O caso chama atenção porque, embora o sócio da empresa tenha inserido sua chave de segurança em um site fraudulento, o juiz concluiu que a instituição financeira falhou ao permitir uma sequência de transferências via Pix consideradas atípicas, sem qualquer bloqueio preventivo ou mecanismo adicional de verificação.
Ao longo deste artigo, você entenderá como ocorreu o golpe envolvendo Pix, por que a Justiça reconheceu a responsabilidade do banco, quais fundamentos jurídicos embasaram a decisão e quais reflexos esse entendimento pode trazer para consumidores e empresas.
Leia mais:
Prudential coloca ativos no Brasil à venda e negociações podem chegar a US$ 3 bilhões
Como aconteceu o golpe que levou às transferências via Pix?

Segundo o processo, a empresa atua no setor de estacionamentos e utilizava sua conta bancária principalmente para receber pagamentos de clientes via Pix.
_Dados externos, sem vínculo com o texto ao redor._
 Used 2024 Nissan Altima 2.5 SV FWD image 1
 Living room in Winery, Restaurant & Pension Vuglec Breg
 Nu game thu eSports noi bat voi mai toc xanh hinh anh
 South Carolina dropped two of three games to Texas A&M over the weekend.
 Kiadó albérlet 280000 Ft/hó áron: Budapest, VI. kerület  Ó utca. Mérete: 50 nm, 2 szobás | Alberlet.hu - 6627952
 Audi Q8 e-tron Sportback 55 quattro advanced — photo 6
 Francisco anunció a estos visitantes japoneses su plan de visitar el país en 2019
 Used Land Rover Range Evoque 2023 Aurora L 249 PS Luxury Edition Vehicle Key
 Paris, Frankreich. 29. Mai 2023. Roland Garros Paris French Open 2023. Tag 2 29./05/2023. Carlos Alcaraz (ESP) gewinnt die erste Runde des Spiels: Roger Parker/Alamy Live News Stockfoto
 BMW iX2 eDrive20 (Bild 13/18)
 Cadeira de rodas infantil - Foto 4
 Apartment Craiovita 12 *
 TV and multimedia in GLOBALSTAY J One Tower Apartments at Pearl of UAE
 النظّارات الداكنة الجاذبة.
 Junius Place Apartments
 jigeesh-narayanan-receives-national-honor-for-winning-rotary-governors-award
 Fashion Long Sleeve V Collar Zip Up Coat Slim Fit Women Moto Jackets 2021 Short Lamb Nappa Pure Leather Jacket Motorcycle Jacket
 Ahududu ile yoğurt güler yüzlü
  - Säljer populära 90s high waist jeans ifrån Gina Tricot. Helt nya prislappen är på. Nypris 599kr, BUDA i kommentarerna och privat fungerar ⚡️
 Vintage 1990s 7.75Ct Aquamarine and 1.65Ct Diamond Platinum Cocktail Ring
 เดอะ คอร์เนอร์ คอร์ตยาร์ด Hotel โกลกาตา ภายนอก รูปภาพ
O histórico da conta indicava poucas transferências via Pix para terceiros, característica que se tornou um dos principais elementos analisados pela Justiça.
Em novembro de 2025, o sócio-administrador recebeu mensagens por um aplicativo de conversa de uma pessoa que se apresentou como gerente da instituição financeira. Após um primeiro contato, o suposto gerente voltou a procurá-lo dois dias depois oferecendo a possibilidade de resgatar pontos de um programa de fidelidade.
Para realizar o suposto resgate, o empresário foi orientado a acessar uma página que reproduzia a identidade visual do banco. Convencido da autenticidade da comunicação, ele acessou o endereço eletrônico e informou sua chave de segurança.
Pouco depois, criminosos passaram a controlar a conta e iniciaram diversas transferências via Pix, esvaziando os recursos disponíveis na conta da empresa.
O que aconteceu após o acesso ao site falso?
Logo após o fornecimento das credenciais, foram executadas 22 transferências via Pix destinadas a 19 beneficiários diferentes, totalizando R$ 335.520,05.
Antes das transferências, os fraudadores realizaram o resgate integral de aplicações financeiras mantidas pela empresa. Em seguida, ainda utilizaram o limite do cheque especial para ampliar o valor retirado da conta.
Parte do dinheiro conseguiu ser recuperada posteriormente por meio de devoluções parciais, reduzindo o prejuízo efetivo para R$ 317.208,33.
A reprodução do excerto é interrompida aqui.